**TASK DETAILS:** The records below must be transcribed exactly. Do not include the pictures.

Collection entries
....
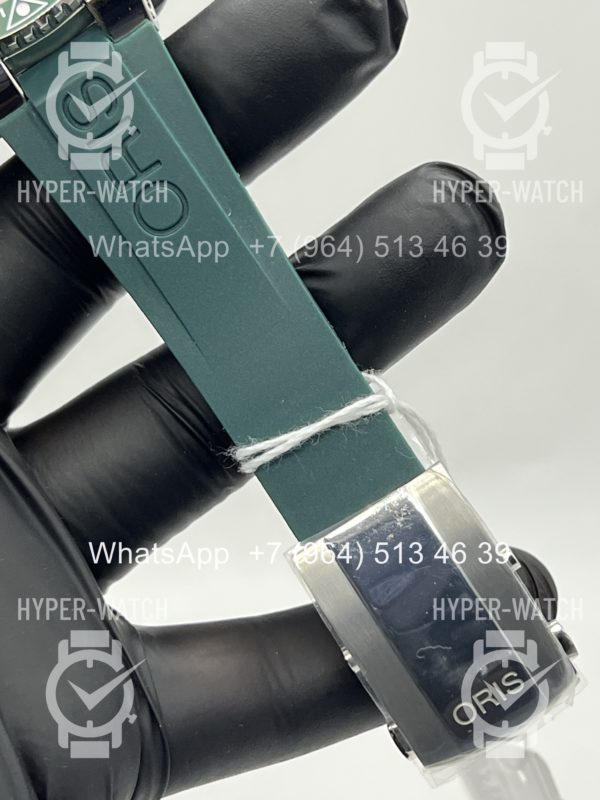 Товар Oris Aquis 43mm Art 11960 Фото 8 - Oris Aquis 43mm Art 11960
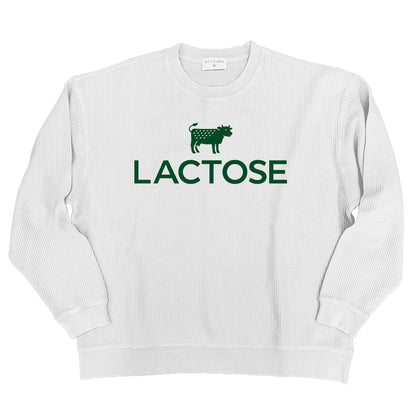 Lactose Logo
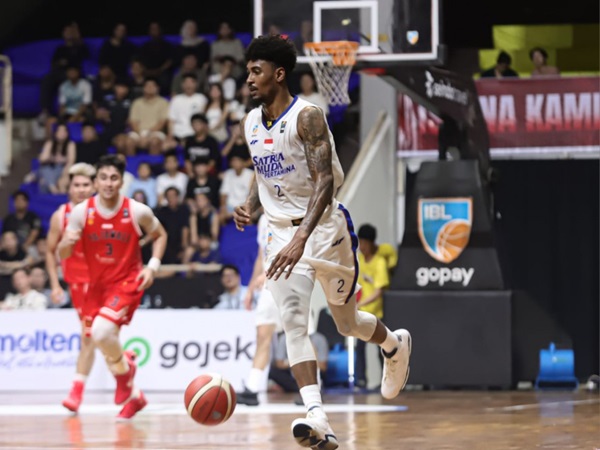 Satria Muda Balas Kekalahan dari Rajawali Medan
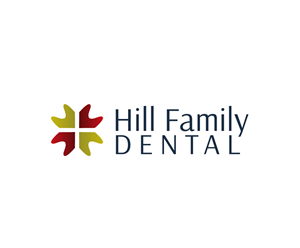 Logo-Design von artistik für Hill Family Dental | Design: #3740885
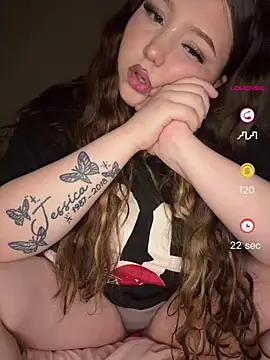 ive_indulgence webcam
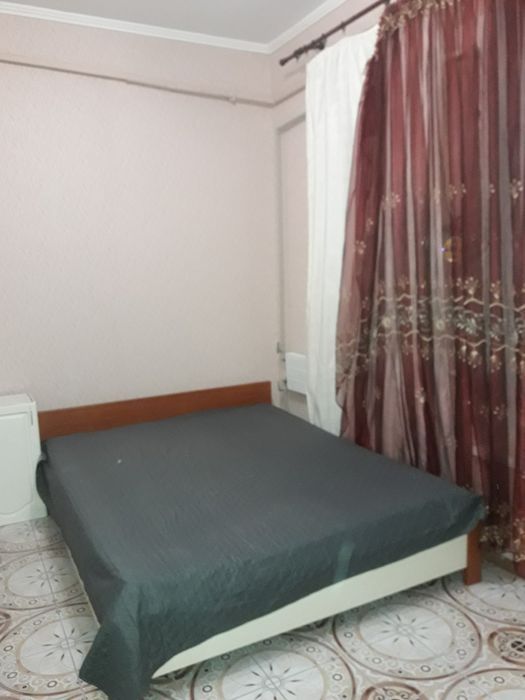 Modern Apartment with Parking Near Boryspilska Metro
....
**OUTPUT:**
 Товар Oris Aquis 43mm Art 11960 Фото 8 - Oris Aquis 43mm Art 11960
 Lactose Logo
 Satria Muda Balas Kekalahan dari Rajawali Medan
 Logo-Design von artistik für Hill Family Dental | Design: #3740885
 ive_indulgence webcam
 Modern Apartment with Parking Near Boryspilska Metro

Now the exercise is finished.